14
submitted 1 month ago by [email protected] to c/[email protected]
  • I was applying to a job, and then I had to answer a question about web scraping, which I'm not familiar with. I answered all the other questions with no issue, so I decided might as well put in the effort to learn the basics and see if I can do it in a day.
  • Yes, it was *somewhat * easier than I expected, but I still had to watch like 4 YouTube videos and read a bunch of reddit and stack overflow posts.
  • I got the code working, but I decided to run it again to double-check. It stopped working. Not sure why.
  • Testing is also annoying because the "web page" is a google doc and constantly reloads or something. It takes forever to get proper results from my print statements.
  • I attached an image with the question. I haven't heard back from them, and I've seen other people post what I think might be this exact question online, so hopefully I'm not doing anything illegal.
  • At this point, I just want to solve it. Here's the code:
from bs4 import BeautifulSoup
import requests
import pandas as pd
import numpy as np

def createDataframe(url): #Make the data easier to handle
    #Get the page's html data using BeautifulSoup
    page = requests.get(url)
    soup = BeautifulSoup(page.text, 'html.parser')

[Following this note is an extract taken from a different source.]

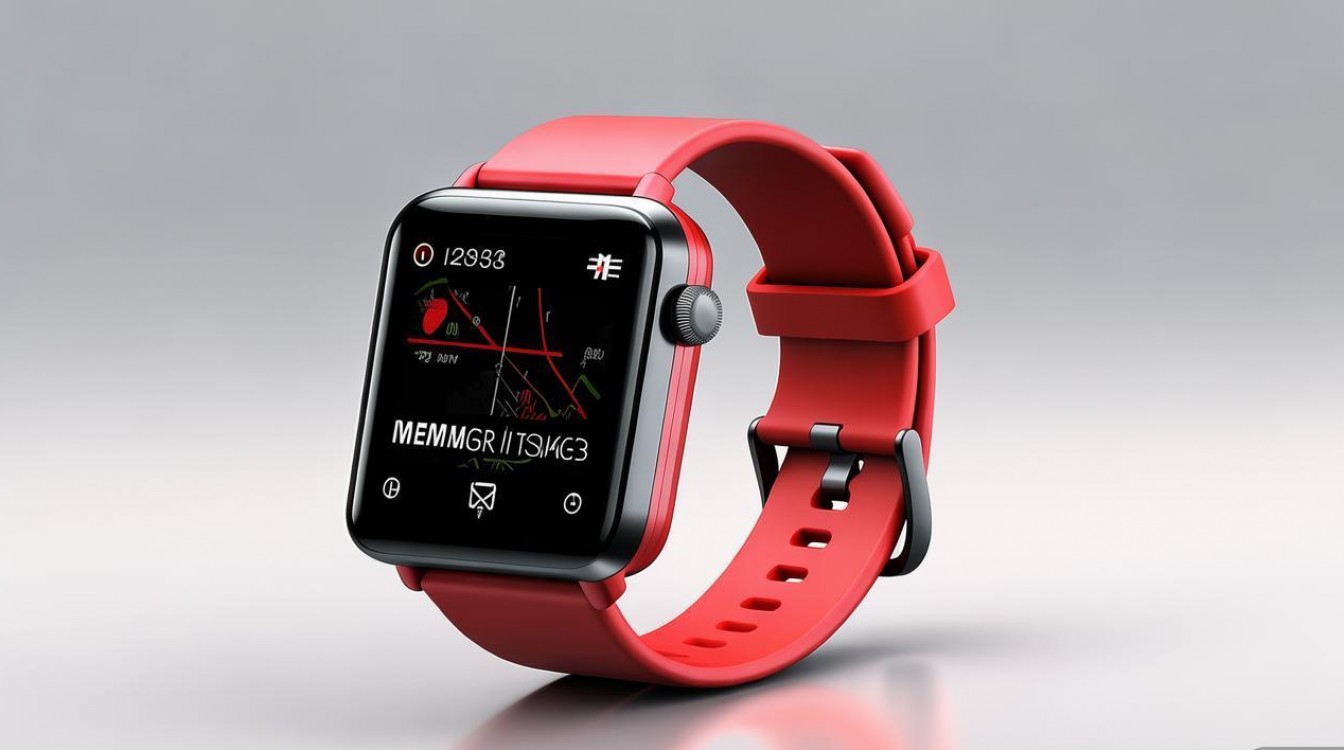 Redmi Watch3有定位功能吗？儿童老人定位精准吗？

    #Extract the table's headers and column structure
    table_headers = soup.find('tr', class_='c8')
    table_headers_titles = table_headers.find_all('td')
    headers = [header.text for header in table_headers_titles]

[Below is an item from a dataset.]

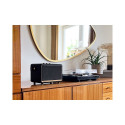 Kõlarid TRACER M30 TWS BLUETOOTH MUST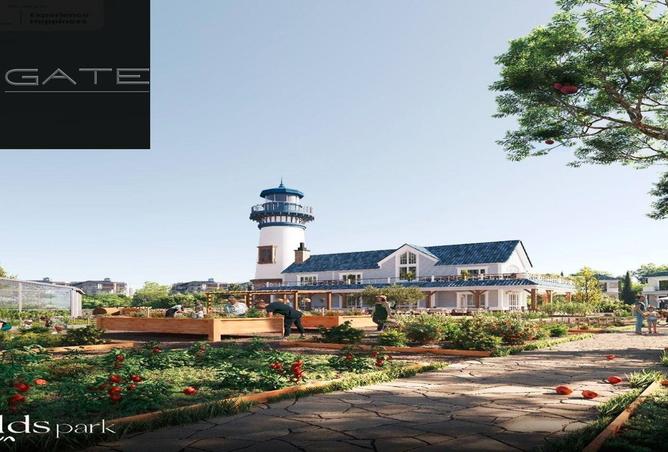 8485492 - صورة العقار 3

    #Extract the table's row data
    rows = soup.find_all('tr', class_='c4')
    row_data_outer = [row.find_all('td') for row in rows]
    row_data = [[cell.text.strip() for cell in row] for row in row_data_outer]

    #Create a dataframe using the extracted data
    df = pd.DataFrame(row_data, columns=headers)
    return df

def printMessage(dataframe): #Print the message gotten from the organised data
    #Drop rows that have missing coordinates
    dataframe = dataframe.dropna(subset=['x-coordinate', 'y-coordinate'], inplace=True)

    #Convert the coordinate columns to integers so they can be used
    dataframe['x-coordinate'] = dataframe['x-coordinate'].astype(int)
    dataframe['y-coordinate'] = dataframe['y-coordinate'].astype(int)

    #Determine how large the grid to be printed is
    max_x = int(dataframe['x-coordinate'].max())
    max_y = int(dataframe['y-coordinate'].max())

    #Create an empty grid
    grid = np.full((max_y + 1, max_x + 1), " ")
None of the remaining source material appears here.